10 Digital audio

Part 1

In the previous edition of this book, published in 1997 – not many years ago – I suggested that digital equipment was at that time likely to be rather too expensive for the amateur and semi-professional reader! Things change. Good quality digital recorders and associated devices are now very affordable.

Historical

In the UK, the first widespread application of a digital audio system came towards the end of the 1960s, when BBC research engineers developed a system for combining the television sound signal with the pictures for distribution to transmitting stations. The sound signal was converted from an analogue form into one consisting of pulses which were ‘tucked into’ the composite vision signal. This system, known as sound in syncs, is still used, not only by the BBC, but also by independent UK television companies. It is mentioned in Part 2 of this chapter.

The more modern form, known as NICAM, allows stereo sound to be transmitted as part of the television signal. NICAM will also be explained further in Part 2.

Then, in the early 1970s, BBC radio, faced with the problem of sending high-quality stereo to its transmitters, adopted digital audio. This not only allowed radio programmes to be sent all around the UK with almost no deterioration of quality, but financially was very economical. Use of the principles of digital audio, but with somewhat improved standards, appeared with the compact disc – the CD – around 1980, and there have been further digital systems since.

Basic principles

In analogue systems, where the electrical signal is a replica, or should be, of the original sound waves, there is one fundamental problem: any impairment caused by whatever reason is virtually impossible to correct. Such impairments could be the result of interference picked up during a radio transmission, effects of dirt and dust in a record groove, and imperfections in the recording medium (bare or thin patches in the magnetic oxide of tape, for example).

A further cause of degradation is copying. The quality of a recording on analogue tape may be very good, but a copy made from it will never be of such a high standard. Copies of the copy, a process which can be very important in the record industry, will be further degraded. With tape and suitable noise reduction processes, it may take several generations of copying before the degradation becomes very obvious, but it nevertheless does occur and is irreversible.

With the now almost defunct vinyl gramophone record, the quality deteriorated very slightly with every playing – perhaps not very obviously.
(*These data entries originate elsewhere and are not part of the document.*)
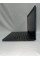 Ноутбук Б-клас Lenovo ThinkPad / 14" IPS / Core i7-6600U (2(4) ядра по 2.6-3.4 GHz) / 8GB DDR3 / 128GB SSD / HD Graphics 520 / WebCam / VGA б/в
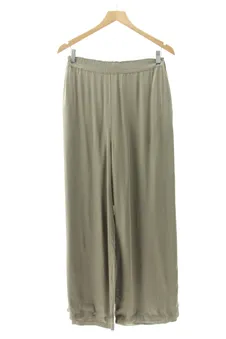 Pantalon Casual S Made in italy, photo 1 sur 2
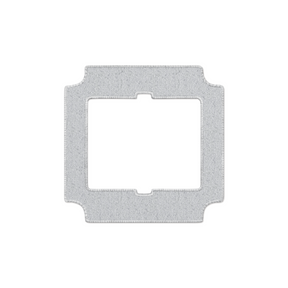 WINBOT mini 2可重用抹布
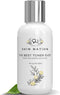 Skin Nation Hydrating Gentle Rosewater Toner - Alcohol-Free, Paraben-Free with Aloe Vera & Chamomile, 5 oz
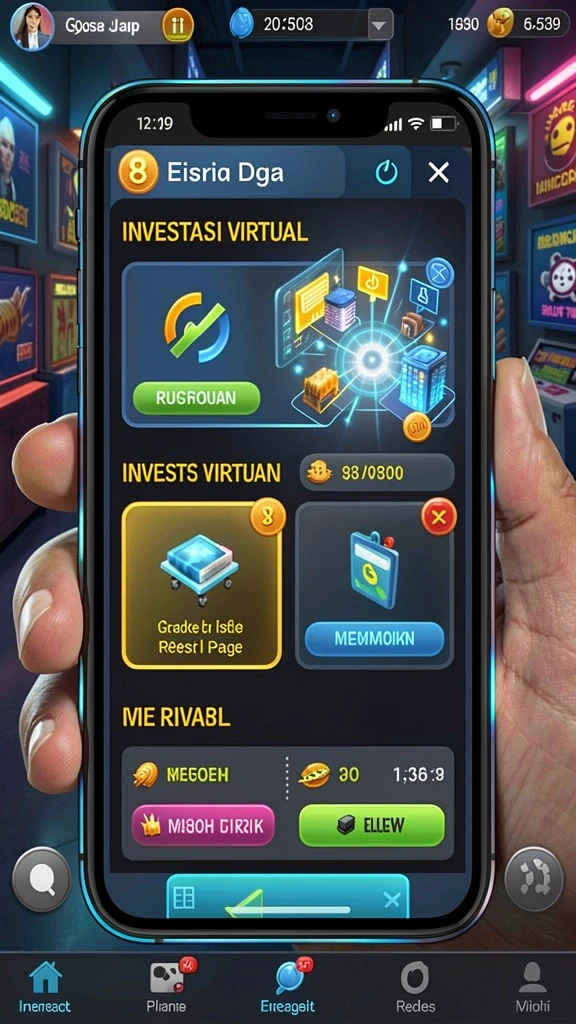 Screenshot yowestogel nomor 2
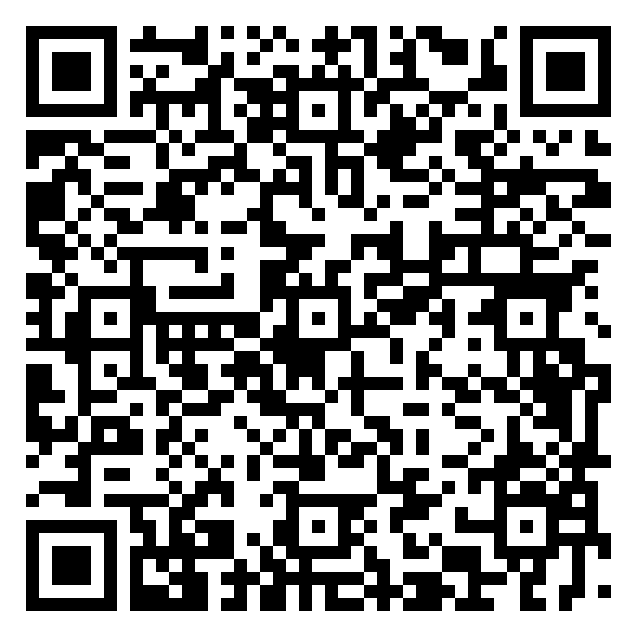 kod QR z danymi kontaktowymi 22088095300000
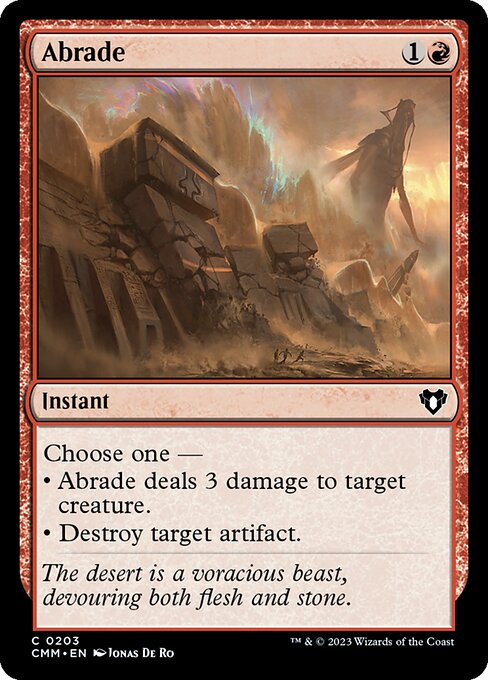 CS-mtg-308123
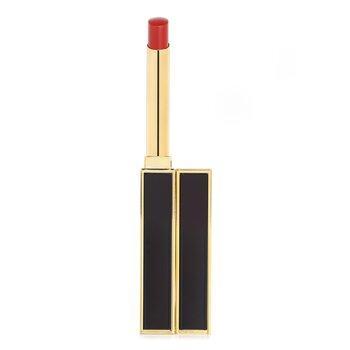 Tom Ford Slim Lip Colour Shine 155 Atelier Red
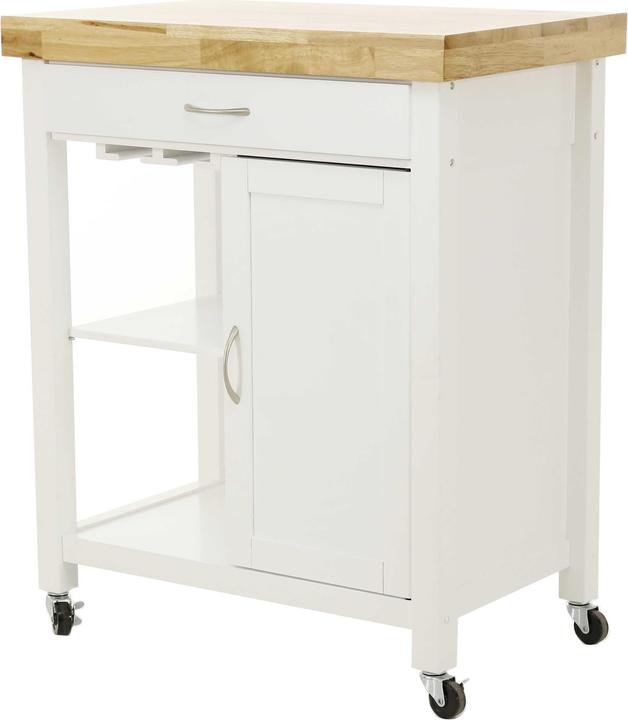 Image du produit Zago Cuisine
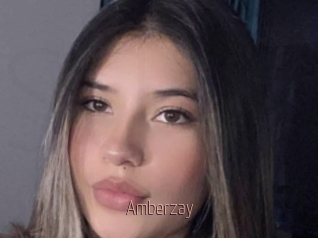 Amberzay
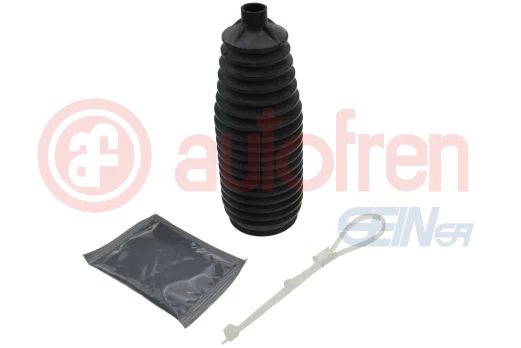 AUTOFREN D9-187 Steering rack boot kit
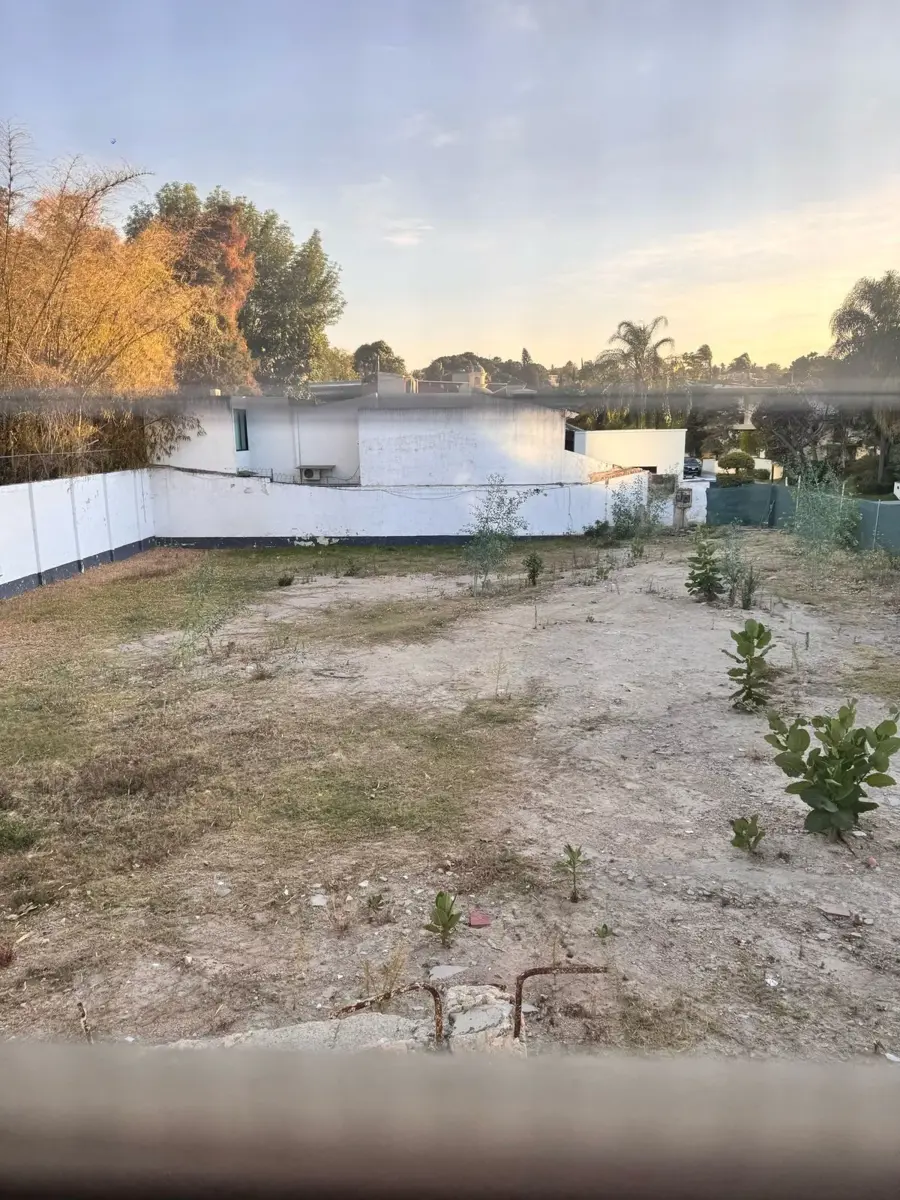 Terreno en venta en Colinas de San Javier, Zapopan — foto 1 de 13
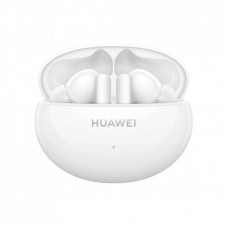 Наушники Huawei FreeBuds 5i Ceramic White (55036654)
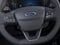 2026 Ford Escape ST LINE AWD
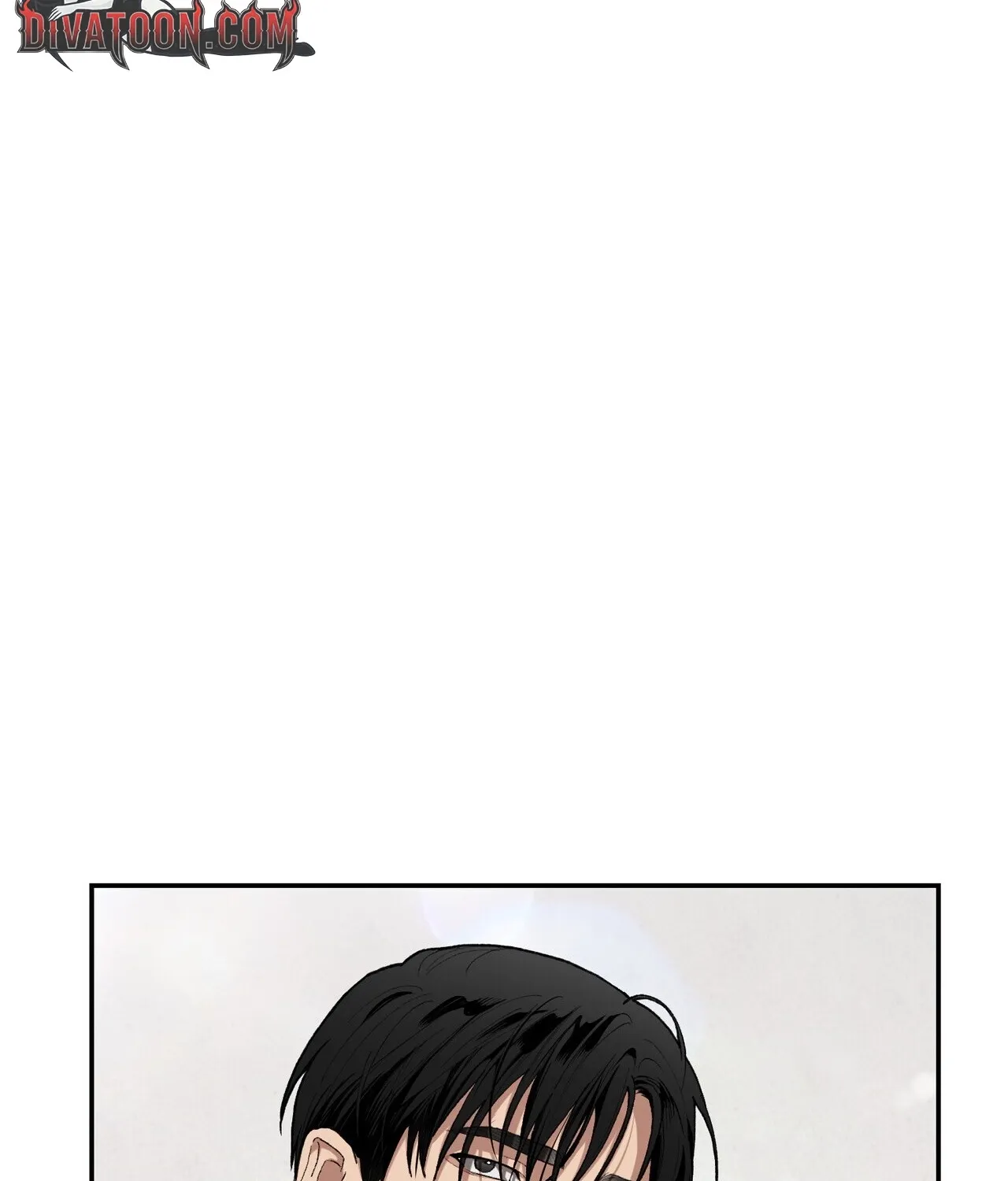 National Route 1 Chapter 24 - page 64
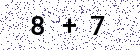 kód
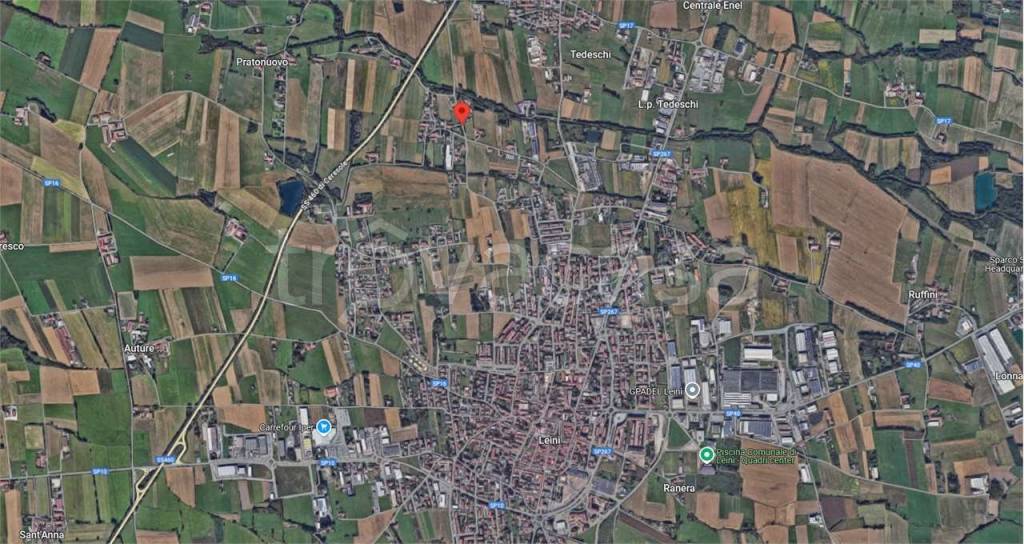 immagine annuncio 3 di 15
The stylus gradually caused wear and deformation in the grooves and also the effects of dust were almost impossible to avoid. Hi-fi enthusiasts had electrostatic dust removers and special cleaning liquids, but the fact remained that minute dust particles still found their way into the grooves and could even be pushed into the surface by the stylus. There were various clever circuits designed to remove the effects of serious clicks and scratches, but it is true to say that they were at best only partly successful. Such a circuit could never be sure that a noise was caused by a scratch or whether it was a special percussion instrument! An amazing number of these problems are avoided by going digital.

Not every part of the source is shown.